Classify data using sensitive information types

4 minutes

Protecting sensitive data starts with knowing what exists in your organization's environment. Microsoft Purview provides sensitive information types (SITs) to help detect structured data, such as financial details, personal identifiers, and regulatory terms. By classifying this data accurately, organizations can apply the right protection and compliance measures.

Microsoft Purview classifies data using three methods:

Manually by users: Users apply labels based on their understanding of the data.
Pattern-based classification: SITs recognize predefined patterns, such as credit card numbers or Social Security numbers.
AI-powered classification: Trainable classifiers use AI models to recognize data based on meaning and context rather than predefined patterns.

SITs are a key part of classification, allowing organizations to automatically detect sensitive data and apply policies to prevent data loss, enforce retention rules, and strengthen compliance.

Where are sensitive information types used?

SITs play a role in multiple Microsoft Purview solutions to help organizations manage and protect data:

Data loss prevention (DLP): Identifies and prevents unauthorized sharing of sensitive data.
Sensitivity labels: Supports classification and protection through labeling policies.
Retention labels: Applies governance policies to structured data.
Insider risk management: Helps detect potential security violations based on identified data types.
Communication compliance: Monitors messages for sensitive data or policy violations.
Auto-labeling policies: Applies labels to content automatically based on detected SITs.

Compare built-in and custom sensitive information types

Microsoft Purview provides both built-in and custom SITs to support different classification needs.

Built-in sensitive information types

Built-in SITs detect common types of sensitive data and are ready to use without customization.

Standard SITs: Identify commonly recognized sensitive data, such as credit card numbers, bank account details, and government-issued IDs.
Named entity SITs: Detect predefined named entities, such as personal names, addresses, or medical terms.

Built-in SITs provide broad coverage and help organizations quickly classify regulated and sensitive data without additional configuration.

Custom sensitive information types

Custom SITs allow organizations to create their own classifiers to detect data unique to their environment. Microsoft Purview provides several options:

Keyword-based SITs: Define sensitive data patterns using specific keywords, dictionaries, or regular expressions.
Exact data match (EDM) SITs: Classify data by referencing a structured dataset containing specific values, improving accuracy for structured records.
Document fingerprinting: Creates SITs based on document templates, allowing organizations to detect and classify content that follows a specific form.

Custom SITs provide greater flexibility for organizations with specialized classification requirements that built-in SITs don't cover.
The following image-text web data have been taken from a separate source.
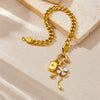 Fashion Sweet And Cool Stainless Steel Jewelry Set With Diamondencrusted Flower Star Square Pendant Tassel Chain And Electroplating Design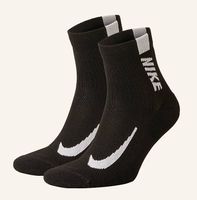 Nike 2er-Pack Laufsocken MULTIPLIER Schwarz EUR 34-38 NEU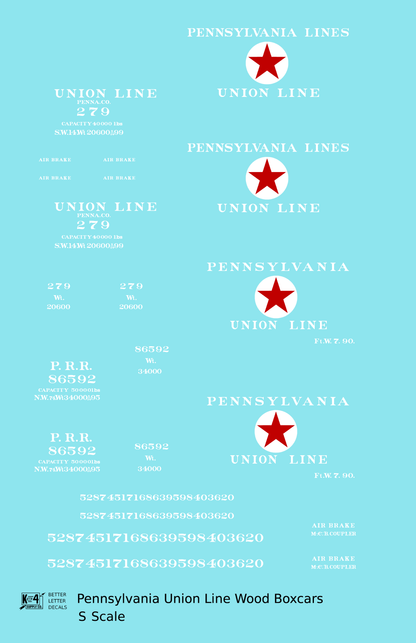 Pennsylvania Union Line Early Wood Boxcar White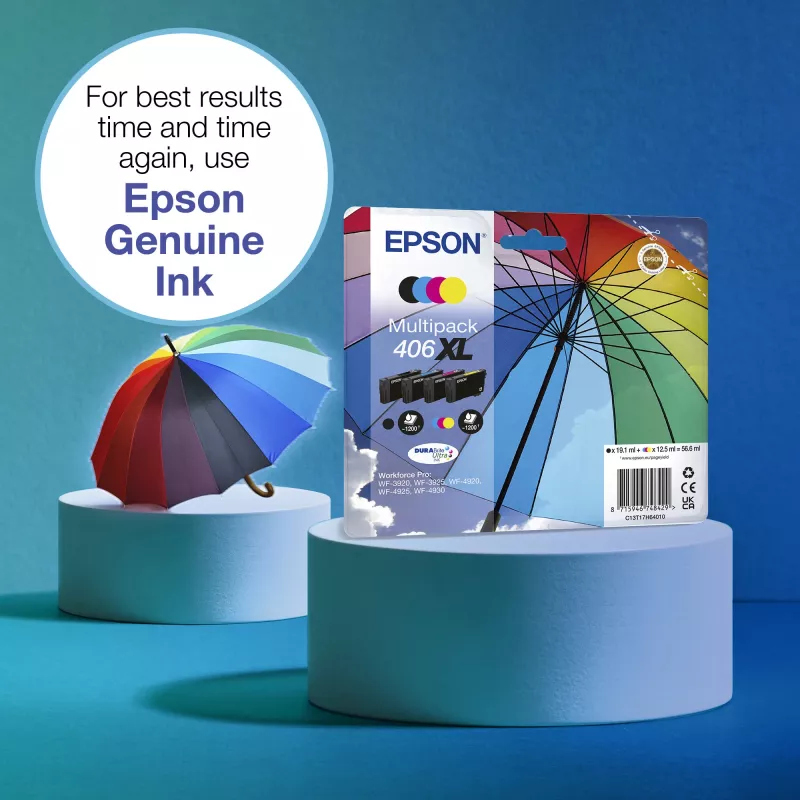 Epson 406XL Umbrella DURABrite Ultra Multipack EasyMail 4-pack, XL (C13T17H64510)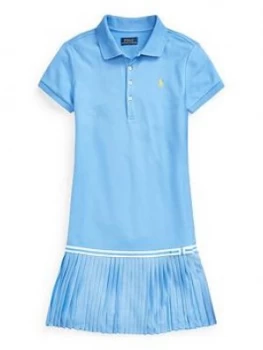 Image of Ralph Lauren Girls Polo Pleated Dress - Blue, Size 6 Years, Women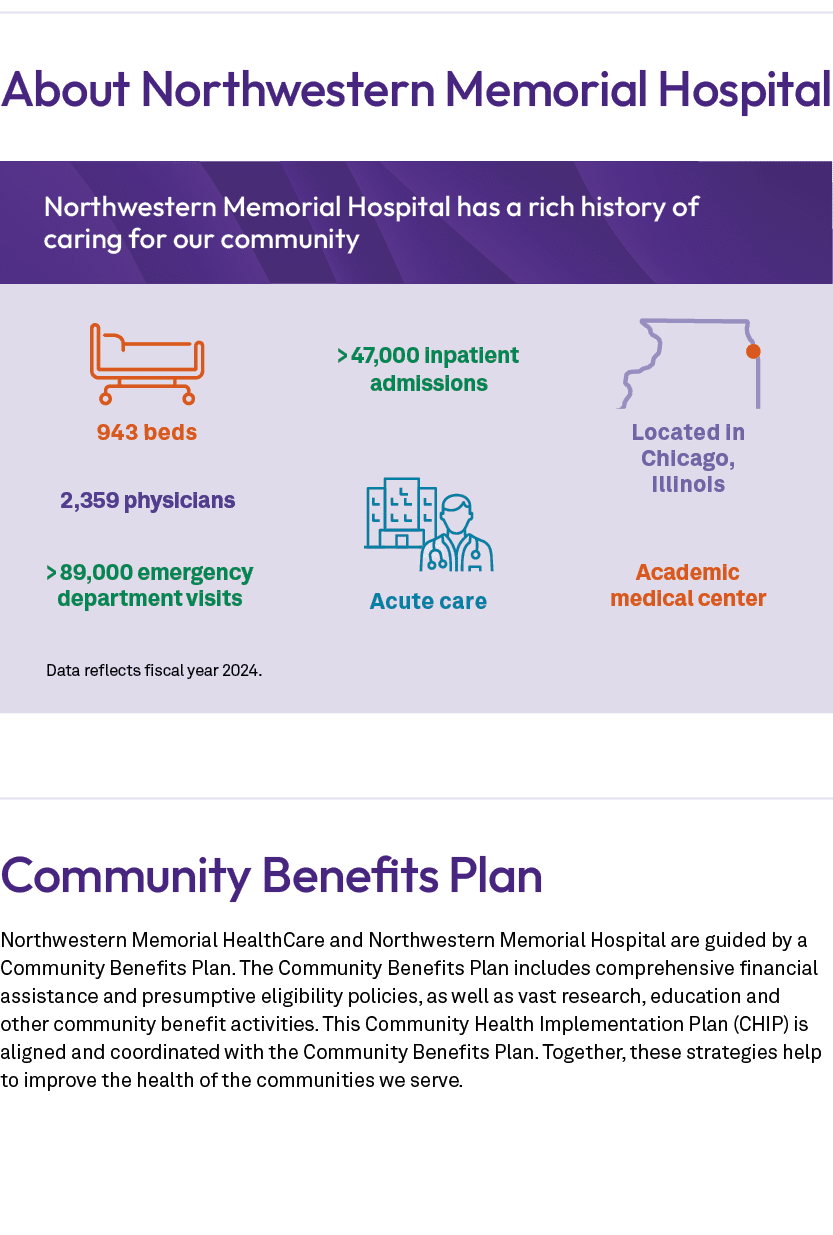 About Northwestern Memorial Hospital ￼ Community Benefits Plan Northwestern Memorial HealthCare and Northwestern Memo...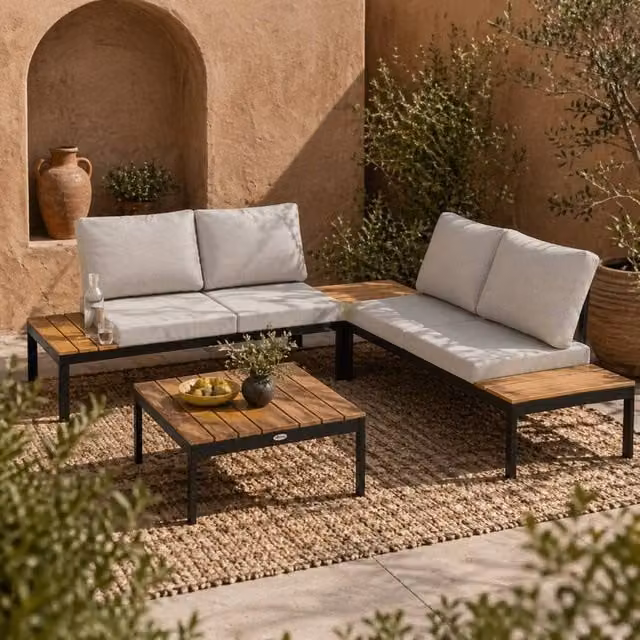 Wyld Haus Matuki Teak Wood 4 Seater Modular Garden Corner Sofa Set with 2 Coffee Tables in Grey and Black
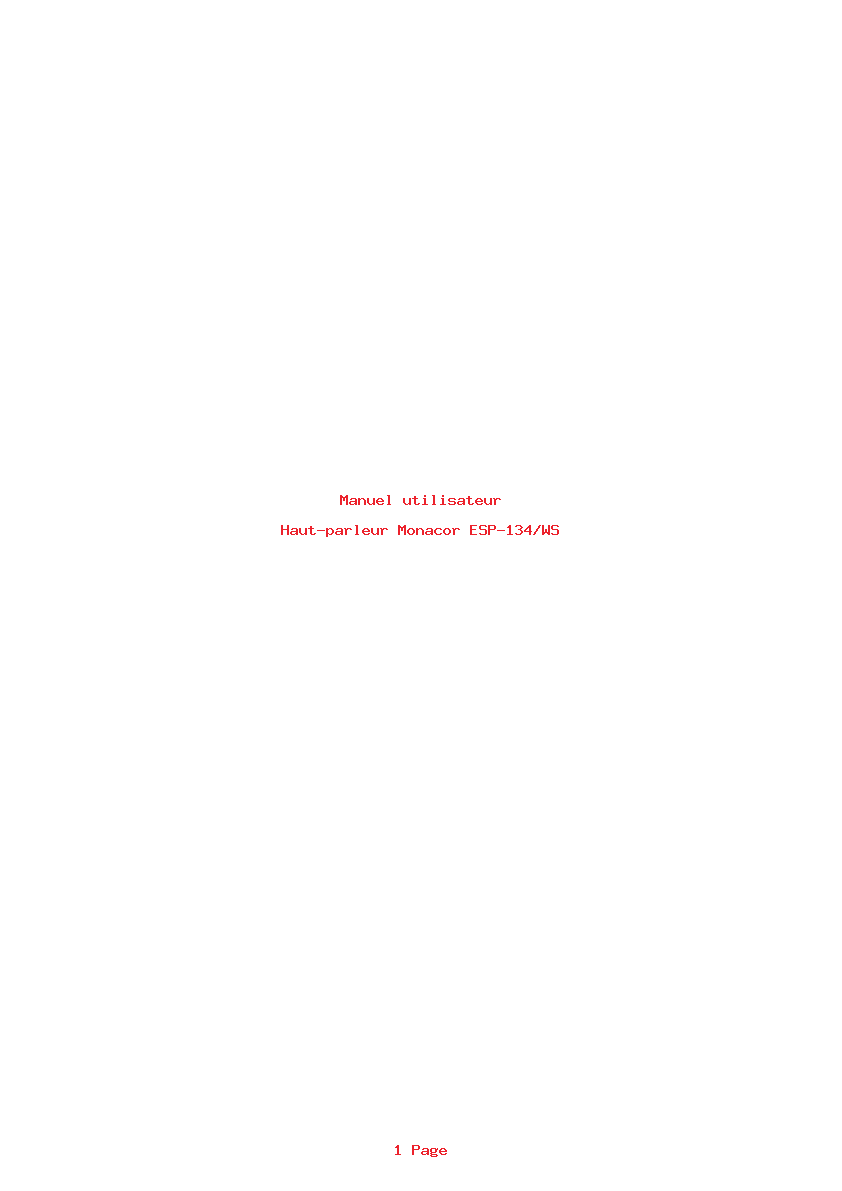 Page 1 de la notice Manuel utilisateur Monacor ESP-134/WS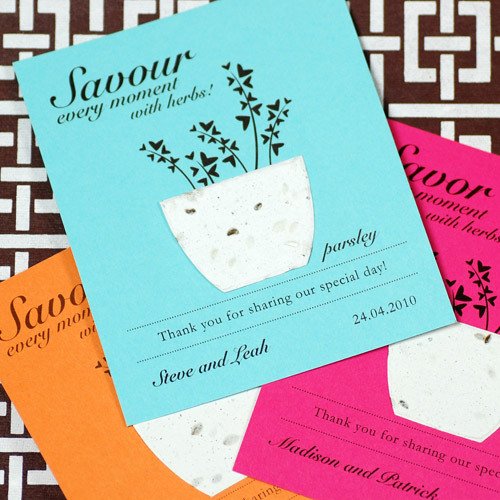Personalized Plantable Herb Seed Card Favor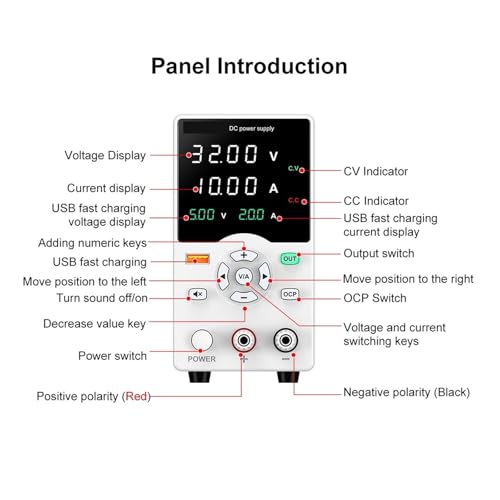 Alimentation CC réglable linéaire GA1602B avec affichage de charge rapide USB
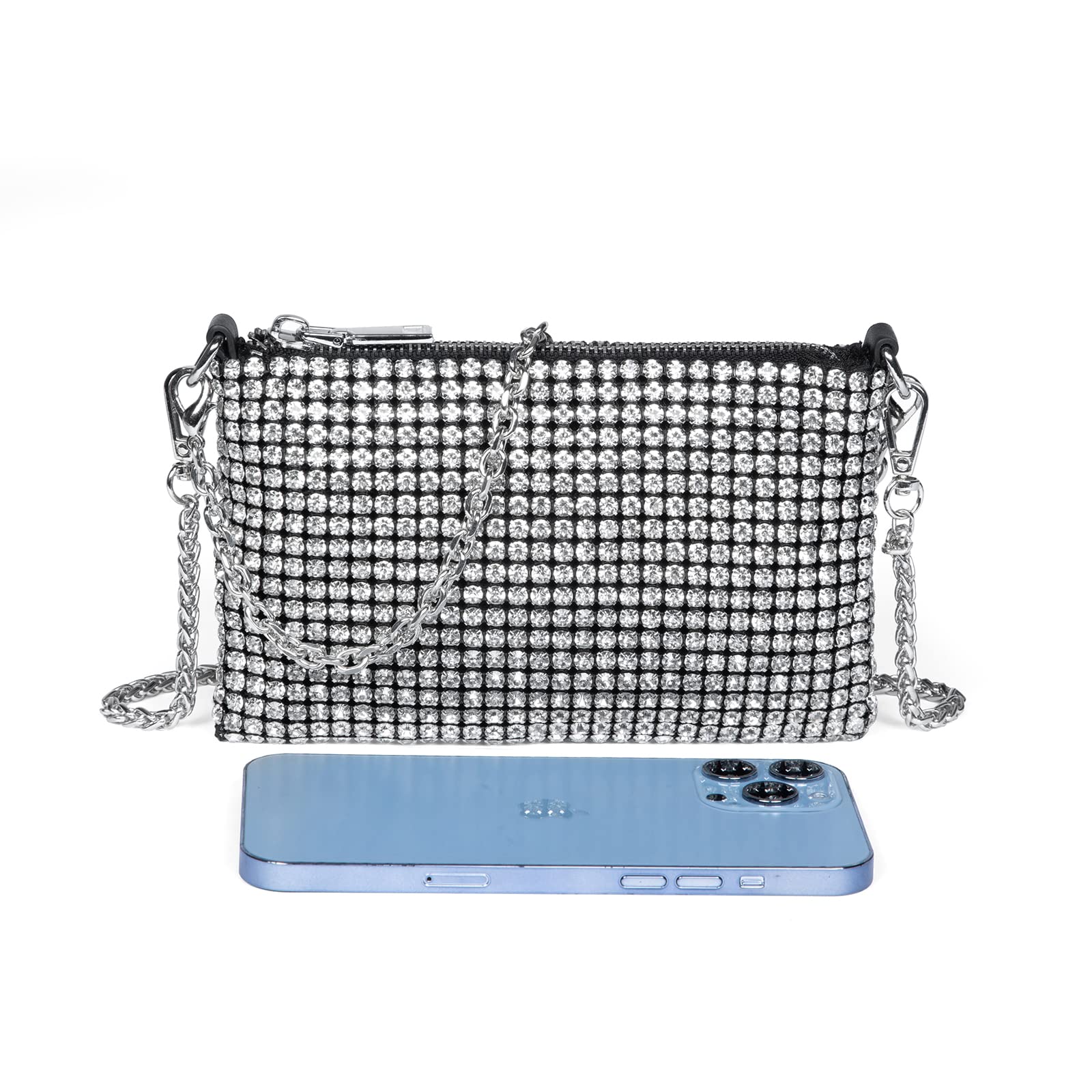 Sparkly Rhinestone Evening Bag for Women - Elegant Silver Clutch Purse for Parties, Weddings & Special Occasions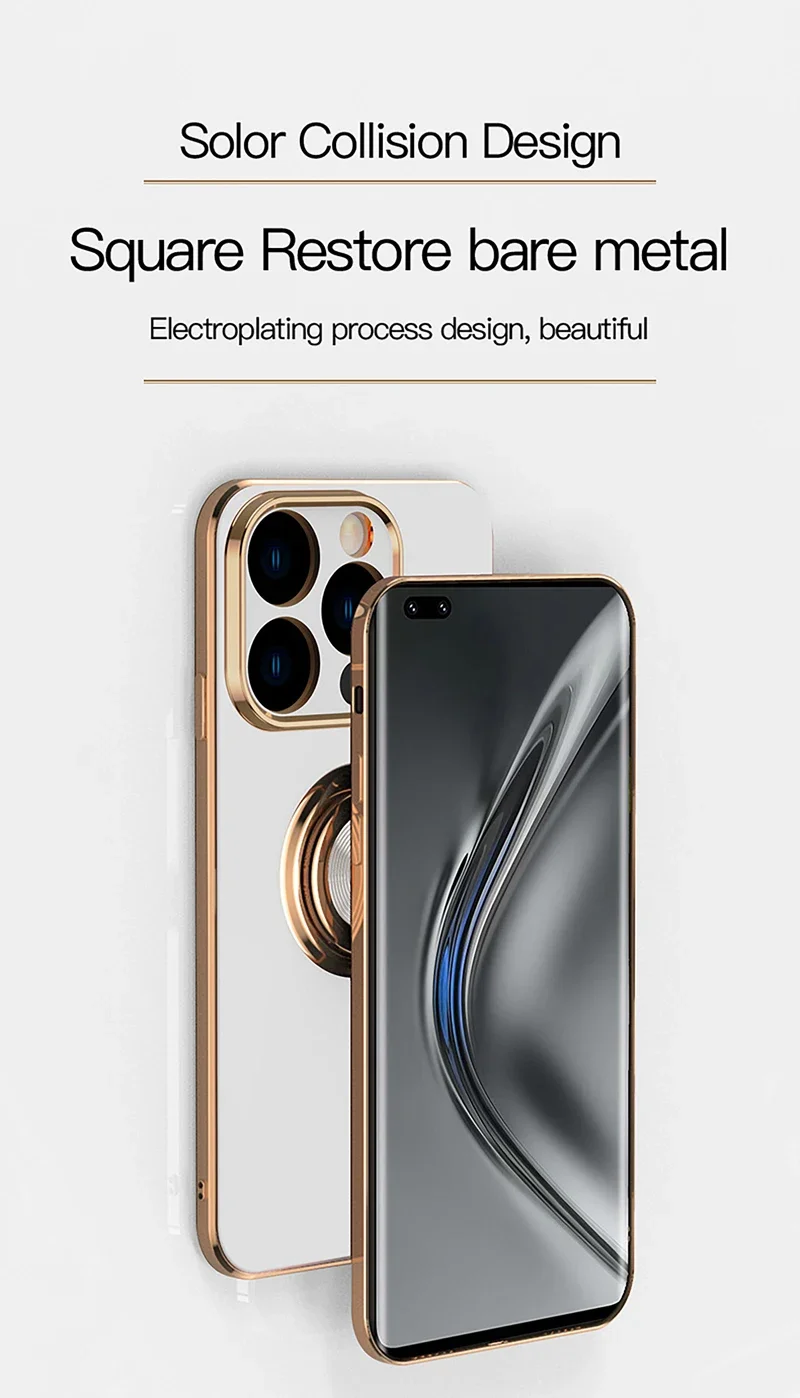 Coque de téléphone en Silicone, placage de luxe, Surface brillante, pour iPhone 16E 16 15 14 13 12 11 Pro Max Plus 5G 360 ° Couvercle de support d\'anneau rotatif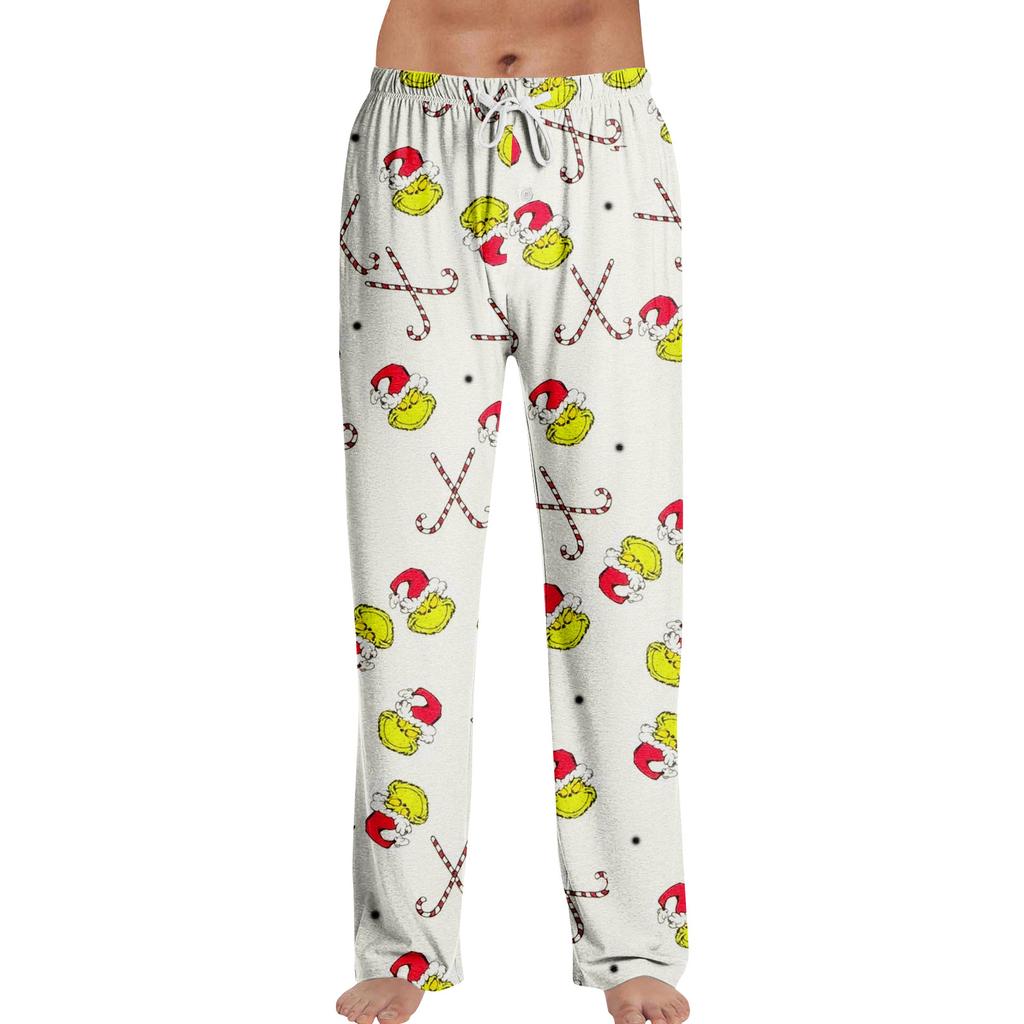 Pyjamasbukser Nattøy Fritidssnor Elastisk midje Bukser Komfortable Rette Yoga Løse Bukser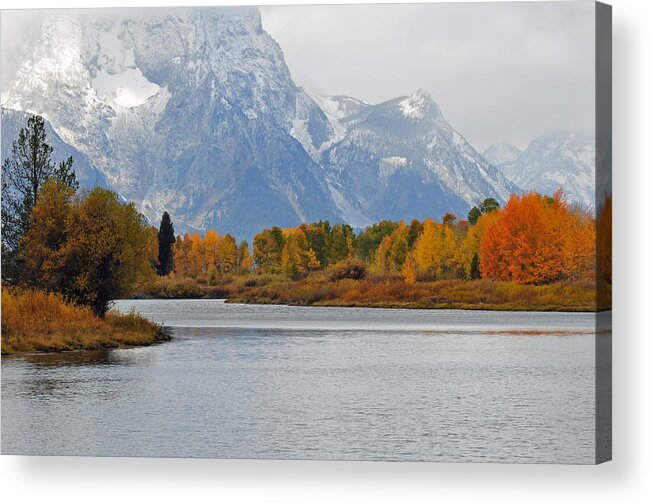 Grand Tetons Acrylic Print featuring the photograph Fall on the Snake River in the Grand Tetons by Bruce Gourley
How sensitive information types identify data

SITs detect sensitive information based on predefined patterns and contextual evidence. Each SIT includes detection rules that define what it looks for and how confidently it can classify data. This structured approach ensures accuracy in applying policies across Microsoft Purview solutions. Microsoft Purview also provides a feedback mechanism to refine SIT detection, helping ensure classifications remain accurate over time.